### TASK ITEM
Only the lines from the one containing "14kt Yellow Gold" to the end of the data should be copied, exactly and without pictures.

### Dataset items
----------

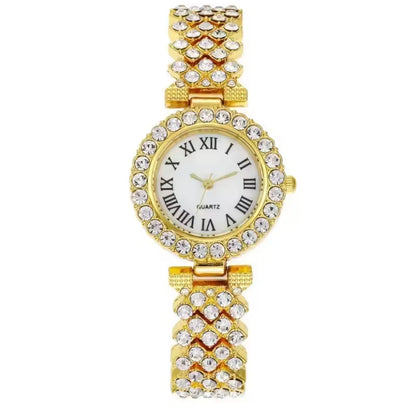 Montre Femme Cristal – Dorée & Chiffres Romains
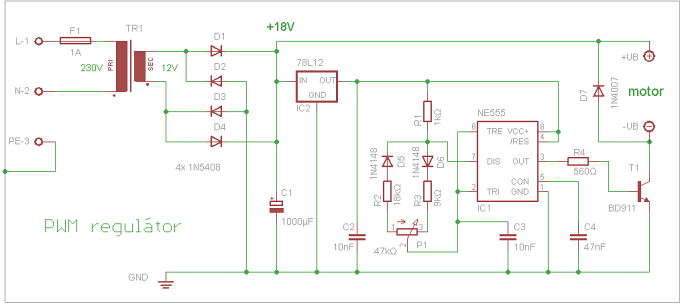 Schéma PWM regulátoru - obr.1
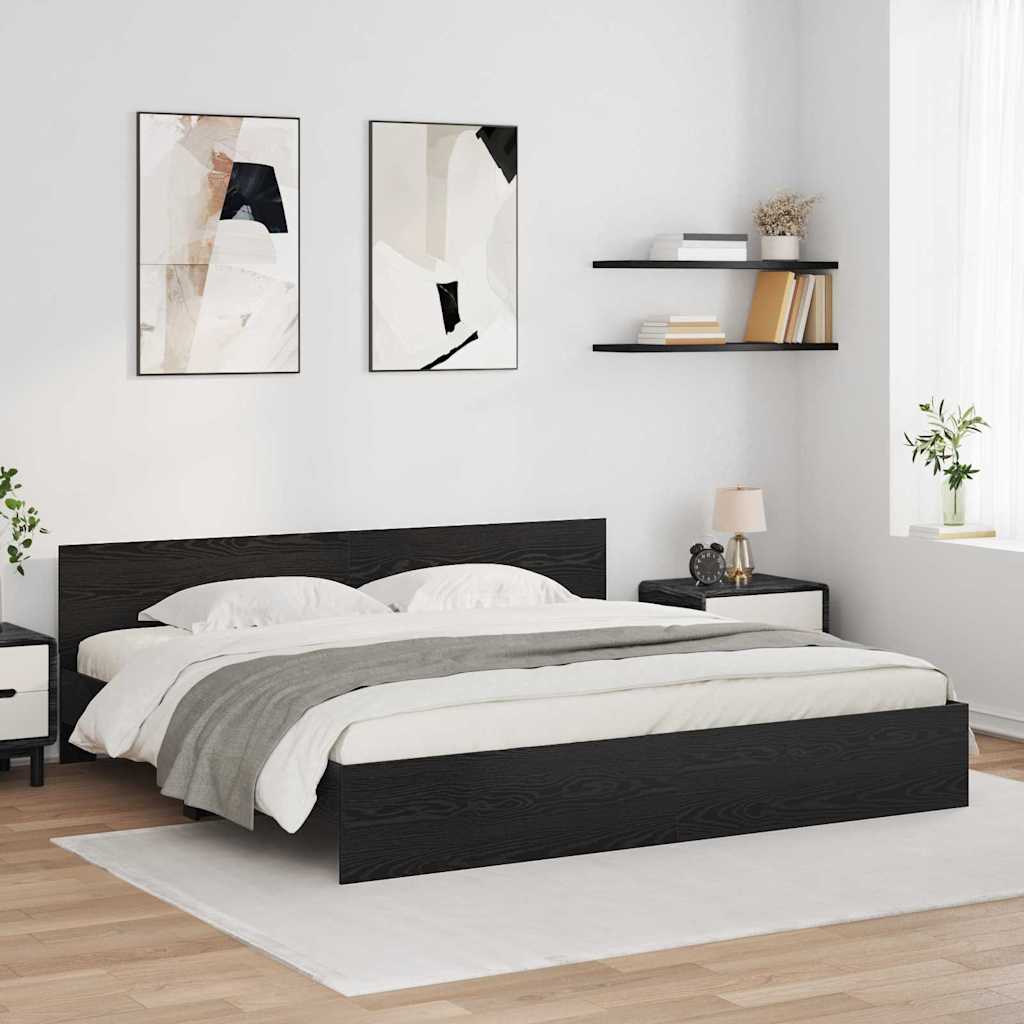 Bed Frame with Headboard Black Oak 180 x 200 cm Engineered Wood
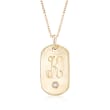 14kt Yellow Gold Single Initial ID Tag Pendant Necklace with Diamond Accent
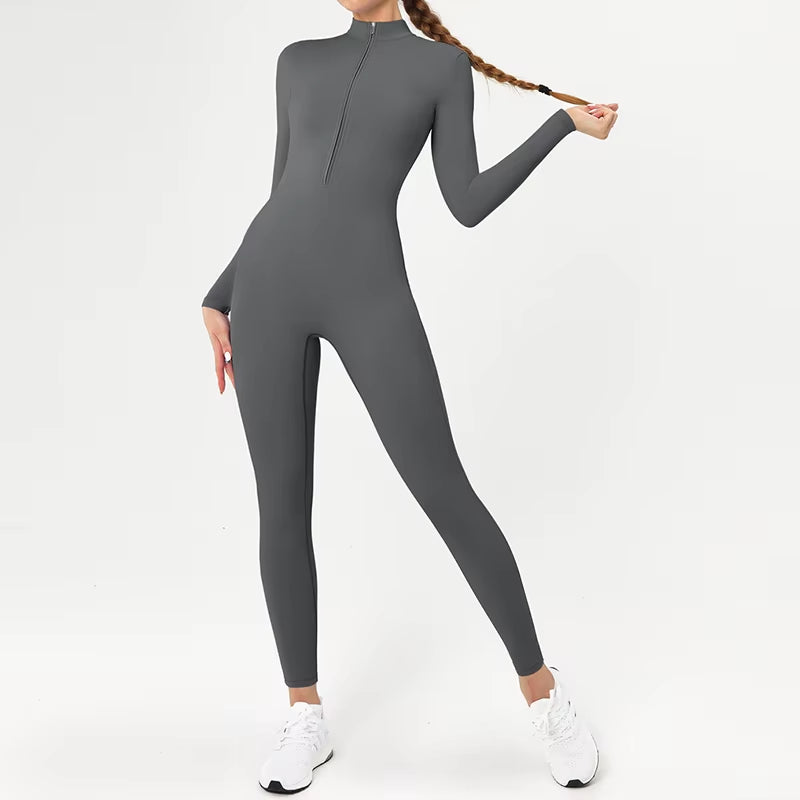 Women Fitness Suit with Zipper
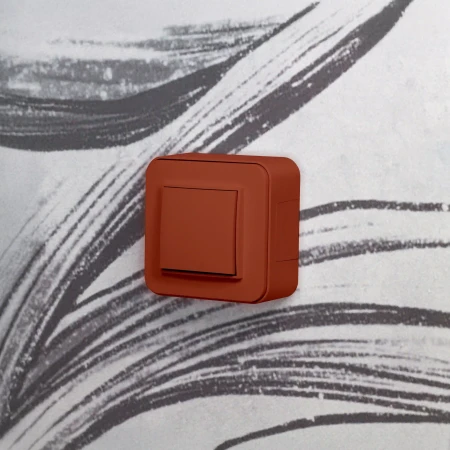 Włącznik podwójny USA zestaw natynkowy zaokrąglony seria Mini terakota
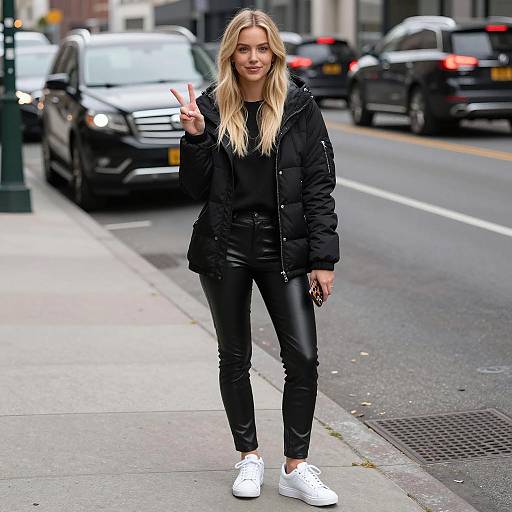 Blonde Woman Making Peace Sign on Urban Sidewalk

----------

### ANSWER BOX
 14kt Yellow Gold Single Initial ID Tag Pendant Necklace with Diamond Accent
 Women Fitness Suit with Zipper
 Włącznik podwójny USA zestaw natynkowy zaokrąglony seria Mini terakota
 Blonde Woman Making Peace Sign on Urban Sidewalk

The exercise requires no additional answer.